Introduction
Traditionally, top executives have been responsible for developing and implementing a company’s strategies, while the board of directors has played a monitoring and controlling role. However, there has been a growing trend toward boards taking a more active part in the strategic direction of their firms. This essay will explore how the board’s increased involvement in the selection of strategies could affect a firm’s strategic competitiveness.
Top Executives Roles and Responsibilities
There are several potential benefits of board involvement in strategy selection. Firstly, boards can bring broader perspectives and expertise to the decision-making process (Zaman et al., 2020). While executives may have deep knowledge of the industry and the company’s operations, board members may have a more comprehensive understanding of market trends, regulatory issues, and stakeholder concerns. This can lead to more robust and well-informed strategic decisions. Secondly, increased board involvement can ensure that the company’s strategy is aligned with the interests of all stakeholders, not just shareholders (Zaman et al., 2020). Boards can represent the interests of employees, customers, suppliers, communities, and shareholders. By taking a more holistic view of the firm’s strategy, boards can help to ensure that it is sustainable and benefits all stakeholders in the long term.

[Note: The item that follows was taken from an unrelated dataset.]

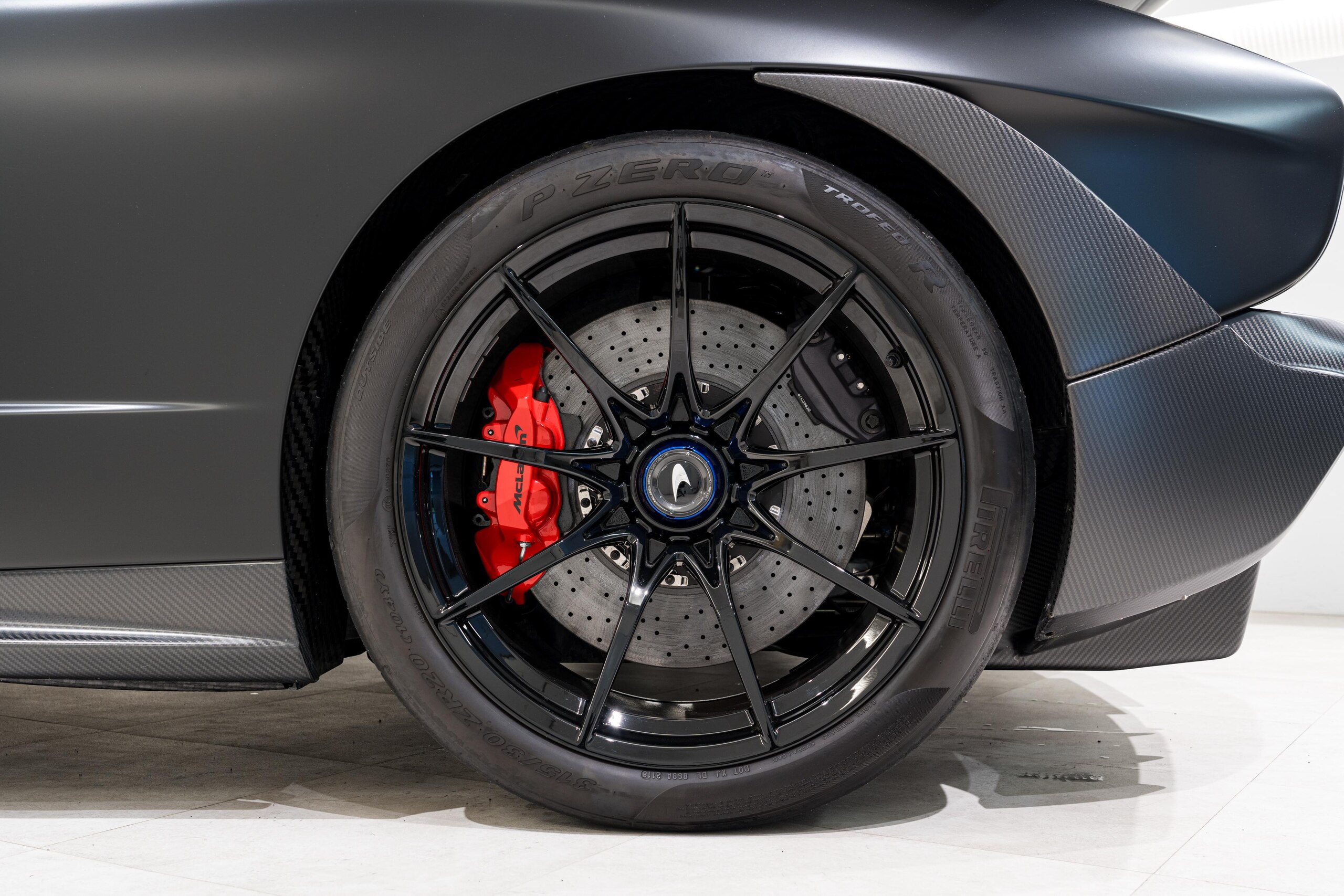 2019 McLaren Senna — Photo 18 / 18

Finally, increased board involvement can mitigate the risks associated with executive bias and groupthink. Executives may need to be more focused on short-term performance metrics or reluctant to challenge their assumptions. By involving the board in strategy selection, companies can introduce a broader range of perspectives and ensure that decisions are being made in the company’s best interests as a whole. There is some evidence to support the argument that increased board involvement can improve a firm’s strategic competitiveness. For example, a study by Zaman et al. found that companies with a more engaged and diverse board of directors tended to outperform their peers regarding financial performance and shareholder returns (2020). However, this evidence can still be argued due to the huge number of possible outcomes in this sphere.
Conclusion
In conclusion, while there are potential benefits to increased board involvement in strategy selection, it is essential to ensure that boards have the appropriate expertise and can effectively balance the interests of all stakeholders. If done correctly, however, this increased involvement can lead to more robust and sustainable strategic decisions, ultimately improving a firm’s strategic competitiveness. To achieve these benefits, boards should work collaboratively with executives and other stakeholders to ensure that the company’s strategy is aligned with its long-term goals and competitive landscape.
Reference
Zaman, R., Jain, T., Samara, G., & Jamali, D. (2020). Corporate governance meets corporate social responsibility: Mapping the interface. Business & Society, 61(3), 690–752. Web.